**RECORDS FOR THE EXERCISE**.
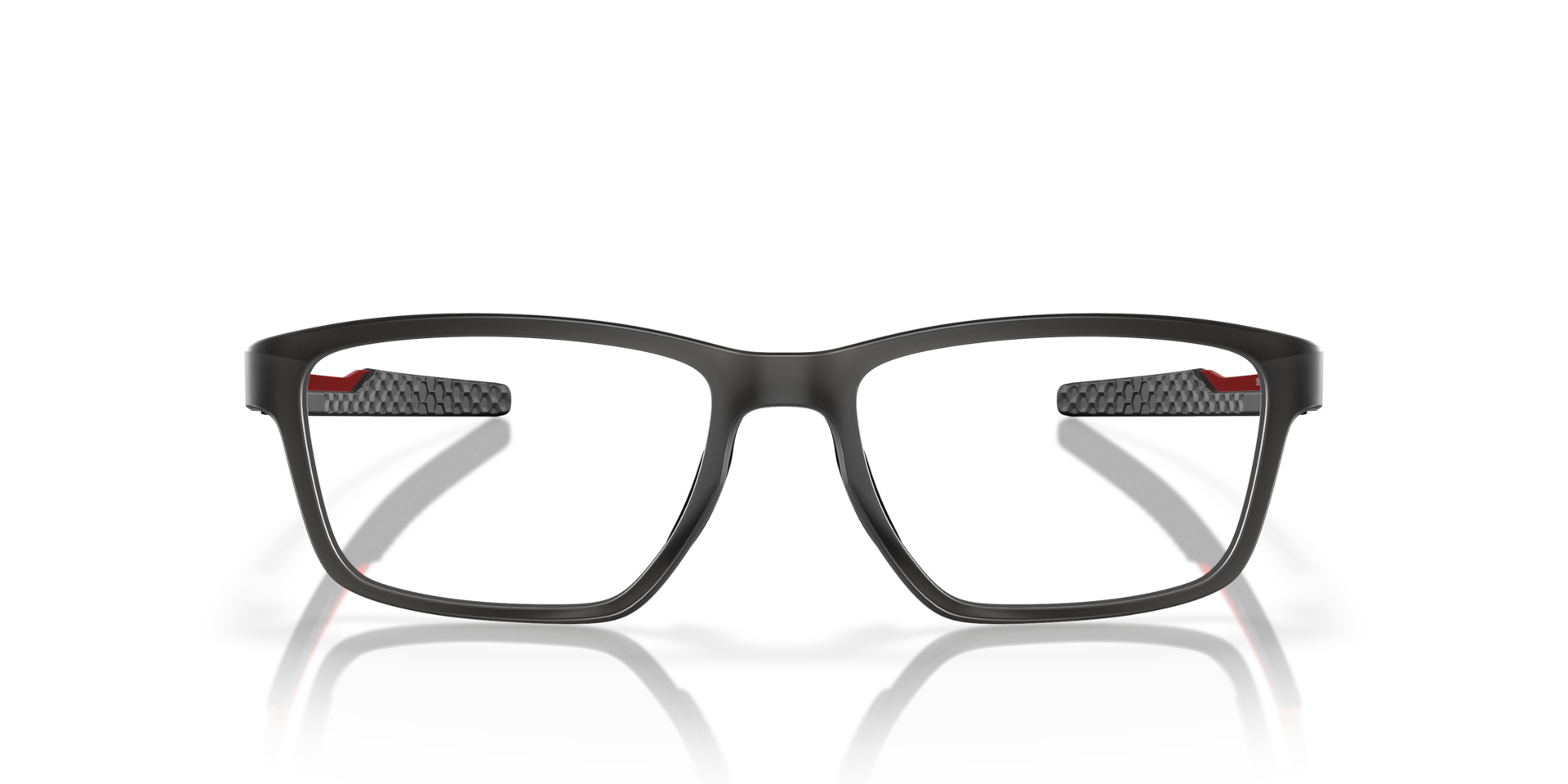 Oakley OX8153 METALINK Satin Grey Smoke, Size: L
---
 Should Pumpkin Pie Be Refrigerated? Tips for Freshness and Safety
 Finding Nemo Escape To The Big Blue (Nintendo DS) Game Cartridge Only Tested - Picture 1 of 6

**WHAT IS BEING ASKED**.
Copy out only the lines above from the one with "Should Pumpkin Pie" to the one with "Finding Nemo Escape", inclusive, exactly as they stand.

**WORKED SOLUTION**.
 Should Pumpkin Pie Be Refrigerated? Tips for Freshness and Safety
 Finding Nemo Escape To The Big Blue (Nintendo DS) Game Cartridge Only Tested - Picture 1 of 6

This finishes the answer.